I had the good fortune last week to join a gathering of the Explorers’ Club at the great David Rumsey Map Center, a famous collection housed since 2016 in the Green Library at Stanford University. Laid out for our enjoyment were precious original maps from the 18th century West Coast exploring voyages of Vancouver, La Pérouse, Cook and more; maps from the 19th century Western surveys of Fremont, King, Powell and more; and two monuments of geologic mapping: William Smith’s 1815 map of England and Wales, and an edition of William Maclure’s 1809 map of the United States. I couldn’t resist a phone pic of that one.
It’s hard to overstate how much effort it took to make this map, crude as it is. Geology was in a crude state at the time — Maclure distinguished only four classes of rocks, using the Neptunist scheme of Werner — and the territory of America could only be surveyed laboriously by foot, horseback, boat or coach. But this is how it began.
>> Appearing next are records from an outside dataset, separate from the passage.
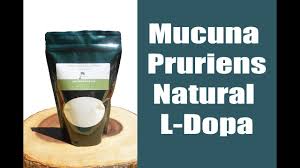 The genius brand has come forth with genius mushroom in which they have utilized the full potential of three different kinds of mushrooms. The Genius Brand Genius Mushroom Review Youtube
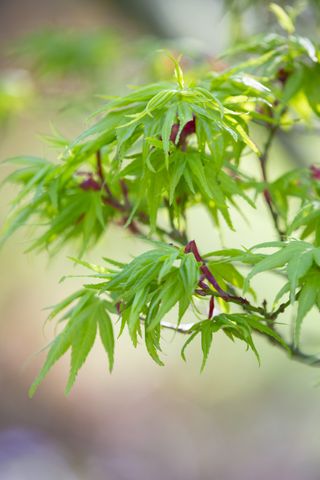 Acer palmatum Yatsubusa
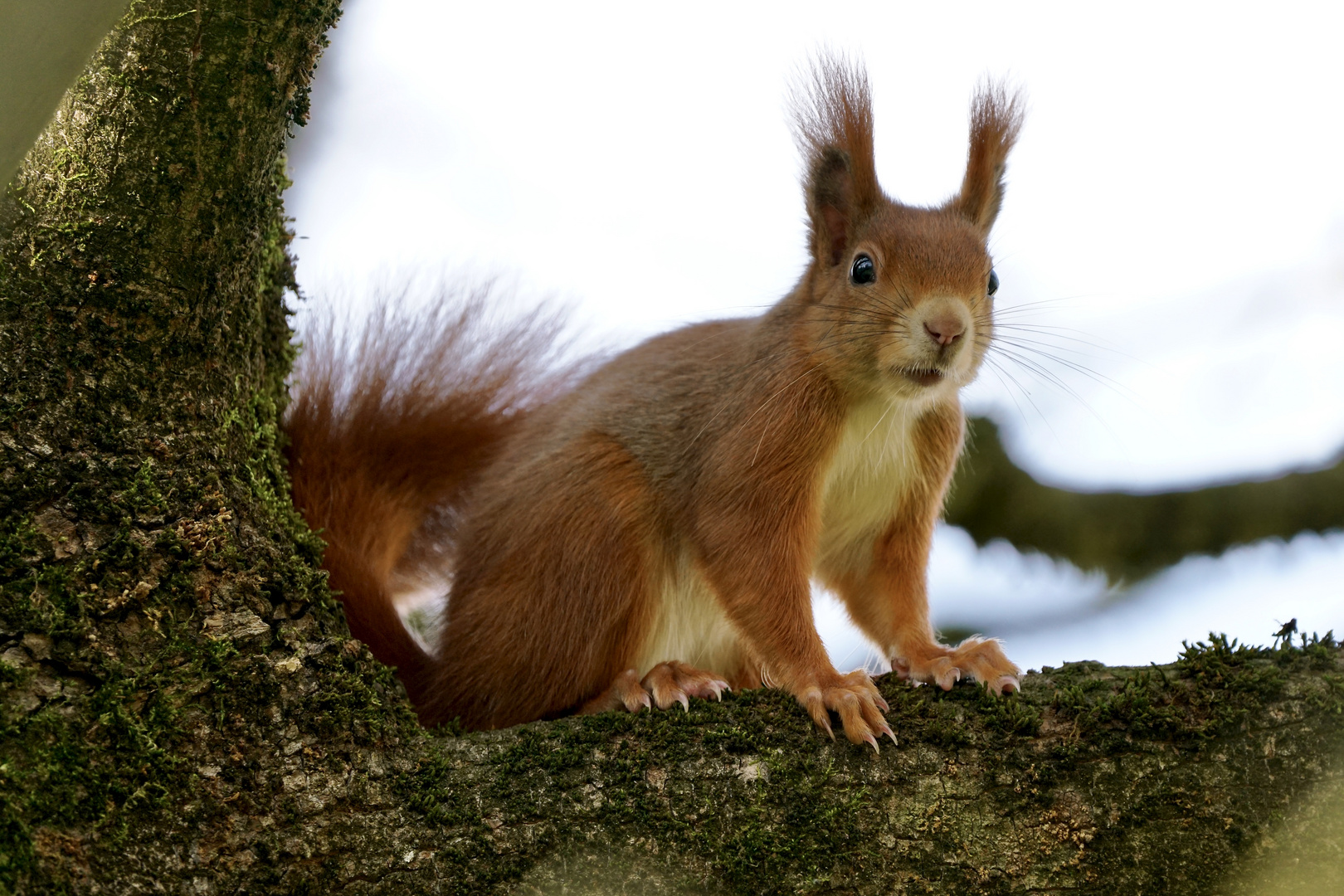 Eichhörnchen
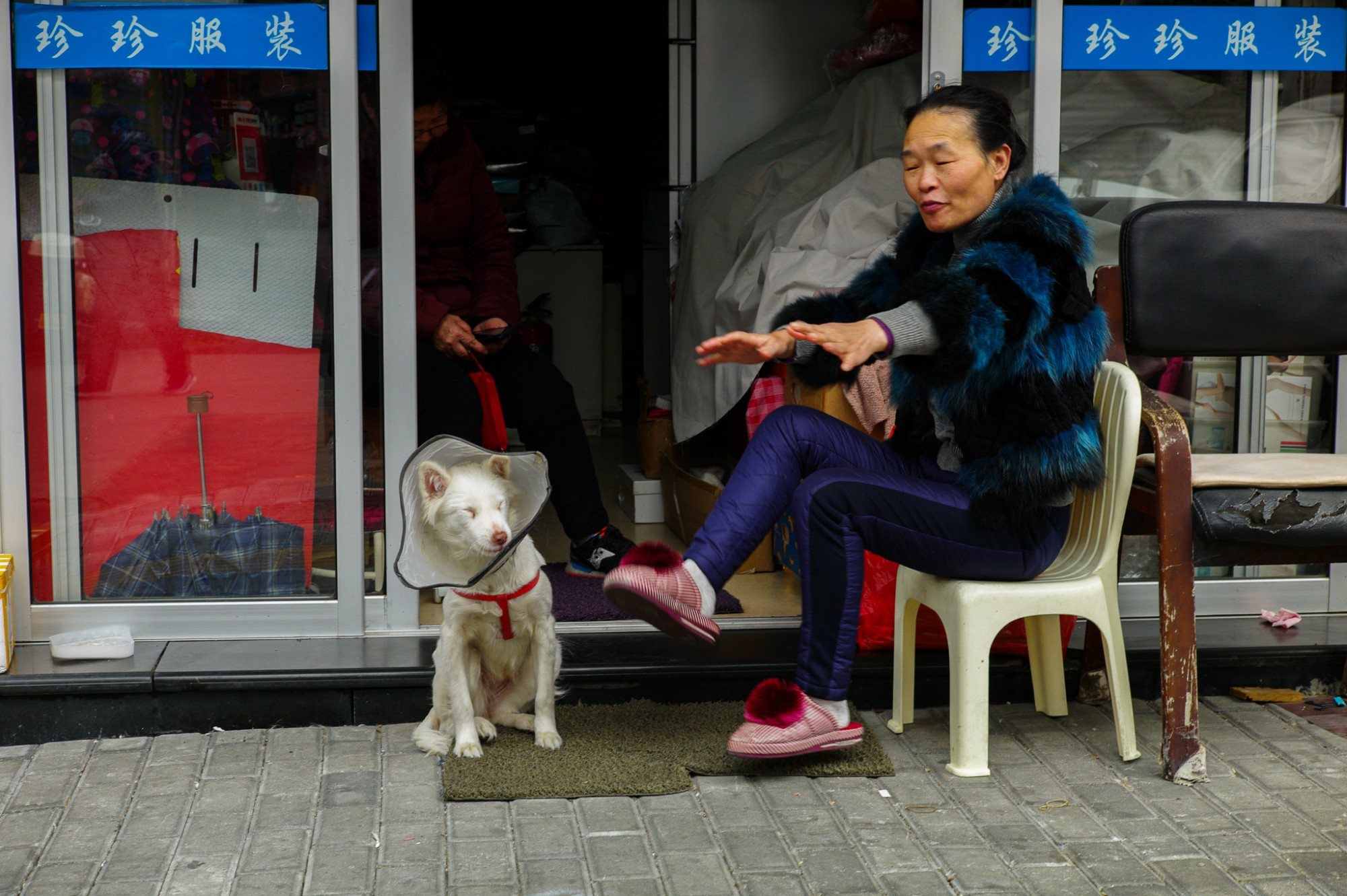 A woman gesturing from a plastic chair beside a dog wearing a cone outside a clothes shop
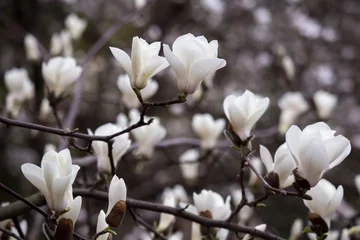 Fotobehang Bloemen Bloei van magnolia bloemen in de lente.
The 1815 Smith map, widely known as “the map that changed the world,” recently had a well-celebrated bicentennial, and strata-smith.com is where to get deeply into it. It was a rare privilege to take it in with my own eyes.
Another item that impressed me was a heavy lump of dark stuff encased in a silver box, engraved with the owner’s name in 1791. It was a genuine working lodestone.
A lodestone is a naturally magnetized piece of the mineral magnetite. Not every piece of magnetite actually acts like a magnet, although of course a magnet will attract it strongly. It has to have a certain amount of impurities that, in effect, lock down its magnetization in a persistent state. It also appears to need its magnetization to be “set” by the strong field of a lightning bolt.
Lodestones were the first compasses. Mariners first learned to navigate with them around 1200. Later it was learned that you could magnetize ordinary iron by stroking it with a lodestone, although this was not permanent. Iron compass needles had to touched up periodically, and that was what this lodestone was for. A ship’s captain might keep one as a backup, but they’ve always been rare and expensive.
Not until the 1700s were truly permanent compass needles made using steel, and not until we mastered electricity did we no longer need lodestones. I have this magnetite specimen, about a thumbtip’s size, that acts as a magnet. I hesitate to call it a lodestone because nowadays you could make one by just zapping it.
I was touched by these artifacts from a time when science was closely tied to artisanship, when everything was done by hand. Today, geologizing still benefits from the human hands and senses in ways that, say, physics and chemistry have long left behind.